Why does this use a flush masked with page->tlbflush_timestamp?
Shouldn't it force an unconditional flush on the whole domain, similar to
gnttab_flush_tlb()?

Also: I think the same issue might apply to readonly mappings where
the page is released back to the dom heap afterwards.
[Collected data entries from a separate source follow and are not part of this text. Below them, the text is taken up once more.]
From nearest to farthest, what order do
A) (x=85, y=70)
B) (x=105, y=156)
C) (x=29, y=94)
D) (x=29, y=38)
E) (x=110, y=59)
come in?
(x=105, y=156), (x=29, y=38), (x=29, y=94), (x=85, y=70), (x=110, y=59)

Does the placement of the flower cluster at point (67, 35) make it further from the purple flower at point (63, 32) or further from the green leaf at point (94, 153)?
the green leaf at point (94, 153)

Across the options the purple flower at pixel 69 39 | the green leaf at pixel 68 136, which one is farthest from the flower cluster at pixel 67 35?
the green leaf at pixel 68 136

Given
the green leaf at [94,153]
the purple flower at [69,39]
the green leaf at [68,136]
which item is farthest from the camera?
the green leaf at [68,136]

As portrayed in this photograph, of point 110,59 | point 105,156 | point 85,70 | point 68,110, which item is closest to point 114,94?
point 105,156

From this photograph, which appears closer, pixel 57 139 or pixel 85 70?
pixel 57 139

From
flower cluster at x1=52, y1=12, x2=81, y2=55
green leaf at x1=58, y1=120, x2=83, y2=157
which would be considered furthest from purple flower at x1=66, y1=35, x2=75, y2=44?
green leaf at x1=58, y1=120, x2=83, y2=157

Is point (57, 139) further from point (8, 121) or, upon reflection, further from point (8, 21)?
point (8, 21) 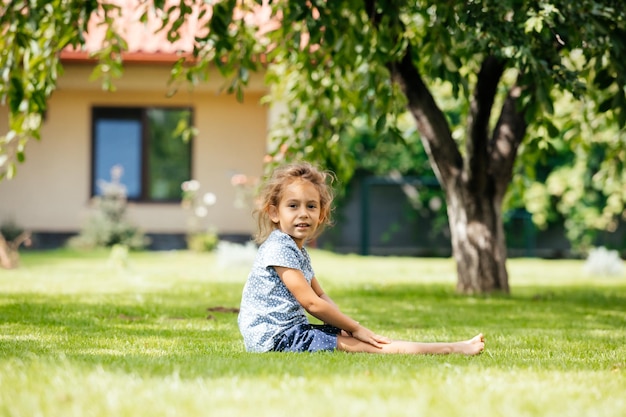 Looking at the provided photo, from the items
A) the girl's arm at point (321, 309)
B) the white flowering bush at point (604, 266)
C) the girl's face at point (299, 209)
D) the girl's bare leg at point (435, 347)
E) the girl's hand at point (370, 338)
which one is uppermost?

The current fix
only covers writable pages.
diff mbox

Patch

--- a/xen/arch/x86/mm.c
+++ b/xen/arch/x86/mm.c
@@ -602,6 +602,20 @@  static inline void guest_get_eff_kern_l1
     TOGGLE_MODE();
 }
 
+static const cpumask_t *get_flush_tlb_mask(const struct page_info *page,
+                                           const struct domain *d)
+{
+    cpumask_t *mask = this_cpu(scratch_cpumask);
+
+    BUG_ON(in_irq());
+    cpumask_copy(mask, d->domain_dirty_cpumask);
+
+    /* Don't flush if the timestamp is old enough */
+    tlbflush_filter(mask, page->tlbflush_timestamp);
+
+    return mask;
+}
+
 const char __section(".bss.page_aligned.const") __aligned(PAGE_SIZE)
     zero_page[PAGE_SIZE];
 
@@ -1266,6 +1280,23 @@  void put_page_from_l1e(l1_pgentry_t l1e,
     if ( (l1e_get_flags(l1e) & _PAGE_RW) && 
          ((l1e_owner == pg_owner) || !paging_mode_external(pg_owner)) )
     {
+        /*
+         * Don't leave stale writable TLB entries in the unmapping domain's
+         * page tables, to prevent them allowing access to pages required to
+         * be read-only (e.g. after pg_owner changed them to page table or
+         * segment descriptor pages).
+         */
+        if ( unlikely(l1e_owner != pg_owner) )
+        {
+            const cpumask_t *mask = get_flush_tlb_mask(page, l1e_owner);
+
+            if ( !cpumask_empty(mask) )
+            {
+                perfc_incr(need_flush_tlb_flush);
+                flush_tlb_mask(mask);
+            }
+        }
+
         put_page_and_type(page);
     }
     else
@@ -2545,13 +2576,7 @@  static int __get_page_type(struct page_i
                  * may be unnecessary (e.g., page was GDT/LDT) but those 
                  * circumstances should be very rare.
                  */
-                cpumask_t *mask = this_cpu(scratch_cpumask);
-
-                BUG_ON(in_irq());
-                cpumask_copy(mask, d->domain_dirty_cpumask);
-
-                /* Don't flush if the timestamp is old enough */
-                tlbflush_filter(mask, page->tlbflush_timestamp);
+                const cpumask_t *mask = get_flush_tlb_mask(page, d);
 
                 if ( unlikely(!cpumask_empty(mask)) &&
                      /* Shadow mode: track only writable pages. */